# taz.de -- Kritische Edition von „Mein Kampf“: „Das Böse ist uns doch viel näher“
       
       > 2016 erschien die kommentierte Fassung von „Mein Kampf“. Und viele hatten
       > Angst. Wie sollte man damit umgehen? Zu Besuch bei zwei Strategen.
       
 (IMG) Bild: Blickt düster vom Cover einer alten Ausgabe: Adolf H.
       
       Hitlers Worte würden „umzingelt“, schrieben manche der Herausgeber, aber
       auch viele Journalisten, als Ende 2015 die Urheberrechte an „Mein Kampf“
       ausliefen und das Münchner Institut für Zeitgeschichte einige Tage später
       die [1][erste kritische Edition von Hitlers Hetzschrift] veröffentlichte.
       Für die hatte ein handverlesenes Team von Historikern Judenhass und
       Propaganda mit 3.700 Anmerkungen seziert. „Umzingelt“, schrieben einige
       Herausgeber und Journalisten also, als wollten sie mit diesem Wort
       beruhigen, dass die Schrift noch immer bewacht werde.
       
       Eine vorauseilende Angst lag in den Worten, die dem Text eine große Macht
       gab, hingegen den Menschen sehr klein machte. Eine Unsicherheit darüber, ob
       die kritische Edition für Nazis tatsächlich ungenießbar sei. Und darüber,
       ob alle anderen nicht doch plötzlich der Hetze verfallen könnten.
       
       Ein Jahr nach der Veröffentlichung wurde die kritische Edition 85.000-mal
       verkauft, stand zwischendurch auf Platz 1 der „Spiegel“-Bestsellerliste.
       Noch im Januar soll die sechste Ausgabe erscheinen. Was ist aus der Angst
       geworden?
       
       Ein Hotel in Stralsund, draußen nasse Endnovemberkälte, drinnen
       Teppichboden, gefällige Laubwaldfotografien an den Wänden. Um die „Wirkung
       einer Hetzschrift bis in die Gegenwart“ soll es gehen, bei der Tagung, die
       das forum65+ organisiert, eine von der Bundeszentrale für politische
       Bildung geförderte Initiative.
       
       Am Rednerpult: Roman Töppel, kinnlanges schwarzes Haar, randlose Brille.
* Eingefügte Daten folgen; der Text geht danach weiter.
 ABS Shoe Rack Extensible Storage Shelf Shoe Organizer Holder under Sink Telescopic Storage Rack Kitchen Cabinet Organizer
       Der Militärhistoriker, dem mal jemand sagte, er sei doch eigentlich zu nett
       für Hitler, gehörte zu den vier Herausgebern der kritischen Edition. Töppel
       tingelte im vergangenen Jahr durch Deutschland. „Besonders viel Spaß machen
       Veranstaltungen mit Schülern, weil die noch aus Neugier fragen und nicht
       nur, um die eigene Meinung bestätigt zu bekommen“, sagt er.
       
       ## Ängste versachlicht
       
       Töppel sprach schon in der Fachoberschule Holzkirchen für einen Händedruck
       und eine Flasche Wein über Hitler, stritt bei der Rosa-Luxemburg-Stiftung
       darüber, ob die kritische Edition Opfergedenken verletzt. Begleitet von
       Töppel las der Schauspieler Götz Otto, der vor allem mit Nazi-Rollen in
       Filmen wie „Der Untergang“ bekannt wurde, im November in Hamburg aus „Mein
       Kampf“.
       
       Auch da war eine Angst wieder da, die dem Text viel Macht gab. Weil man
       befürchtete, die Veranstaltung könne geschmacklos werden. Aber dann
       scheiterte Otto mit schönster Vorleserstimme an Hitlers judenfeindlichen
       Schachtelsätzen über übel riechende Kaftanträger. Und Töppel führte jede
       Passage mit Fachwissen ein. Die Ängste wurden versachlicht, die
       stilistische Unerträglichkeit des Buchs trat klar hervor.
       
       Dass Töppel immer wieder betont, für Nazis spiele das Buch inhaltlich keine
       Rolle mehr, weil vieles ohnehin nur mit historischem Fachwissen
       verständlich wird, wurde eindrucksvoll plausibel: „Überhaupt habe ich (…)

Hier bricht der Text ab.